§ **What is needed**: The part below that opens with the line containing "vidaXL Kinderbank 90x53x30 cm stof taupe" and closes with the line containing "Miniatura 2 de" should be copied exactly, minus any pictures.

§ **Entries shown**:
┌────────
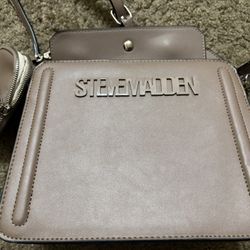 Steve Madden Taupe Handbag with Coin Pouch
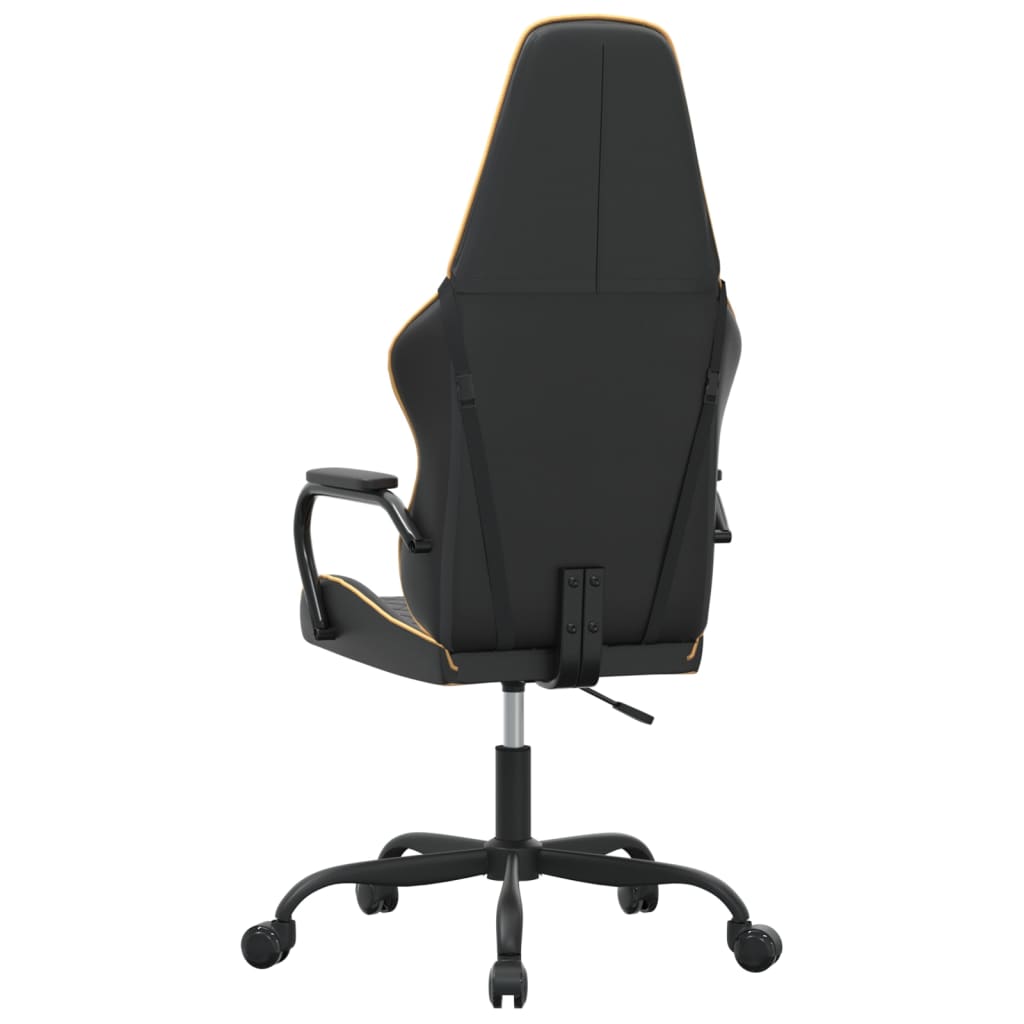 Chaise de jeu Noir et doré Similicuir - XIOS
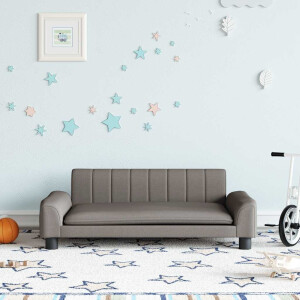vidaXL Kinderbank 90x53x30 cm stof taupe
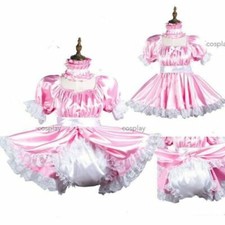 Sissy maid satin dress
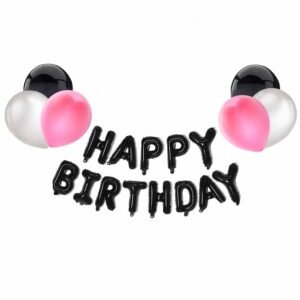 Pripučiama girlianda Happy Birthday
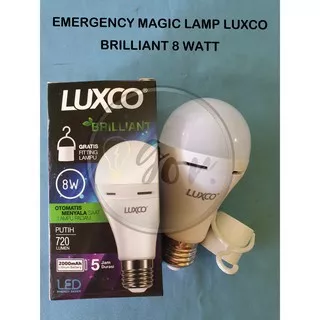 Magic Lamp / Lampu Ajaib / Darurat / Emergency Luxco LED 8 Watt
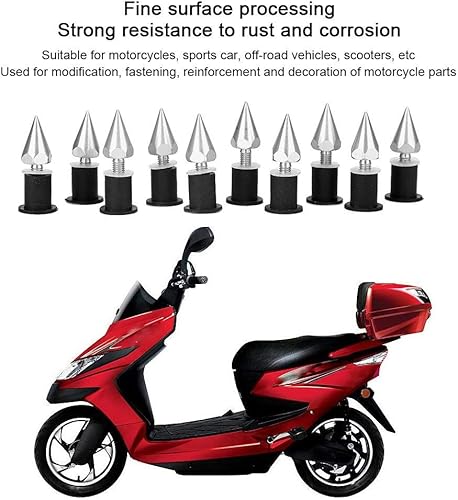 Miniatura 2 de Akozon Tornillos de clavija para parabrisas M5, tuercas y accesorios de modificación de motocicleta (plateado)
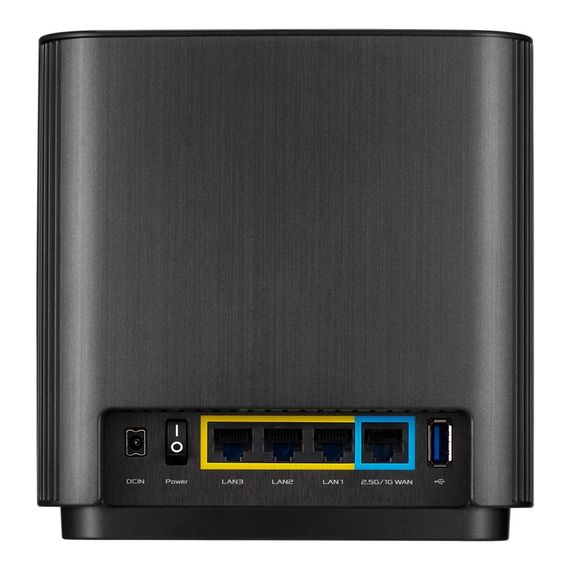 Маршрутизатор ASUS ZenWiFi XT8 1PK V2 black AX6600 3xGE LAN 1x2.5GE WAN 1xUSB3.1 WPA3 OFDMA MESH (90IG0590-MO3A10) | Зображення 3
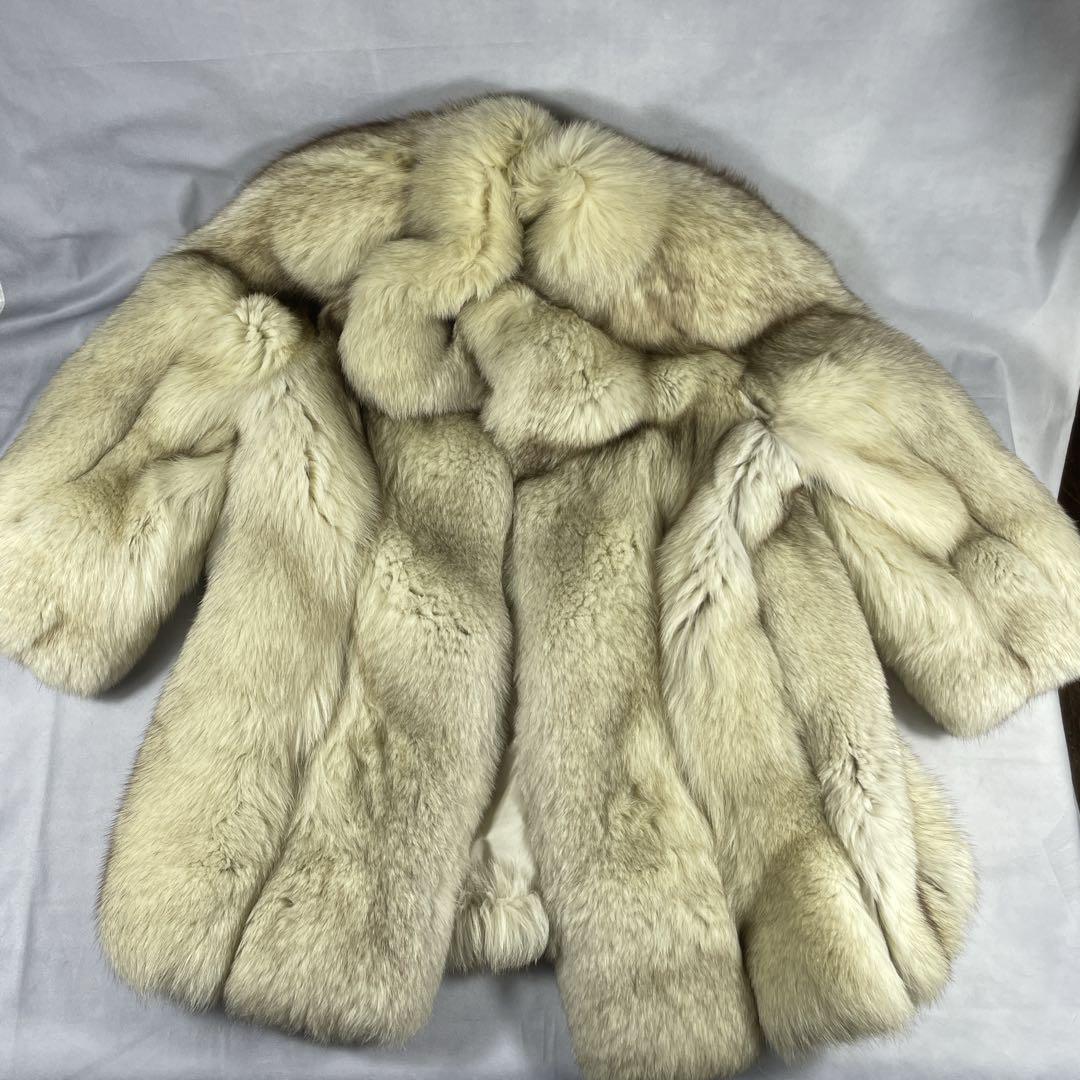 美品✨EMBA エンバ　ブルーフォックス ファーコート　毛皮　フィンランド 青狐 ▽美品✨EMBA エンバ ブルーフォックスファーコート 毛皮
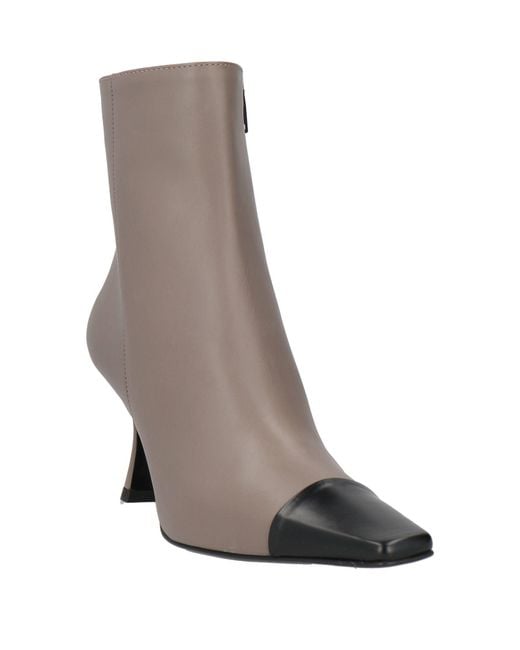 Roberto Festa Brown Ankle Boots Calfskin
└────────
§ **Output below**:
vidaXL Kinderbank 90x53x30 cm stof taupe
 Sissy maid satin dress
 Pripučiama girlianda Happy Birthday
 Magic Lamp / Lampu Ajaib / Darurat / Emergency Luxco LED 8 Watt
 Miniatura 2 de Akozon Tornillos de clavija para parabrisas M5, tuercas y accesorios de modificación de motocicleta (plateado)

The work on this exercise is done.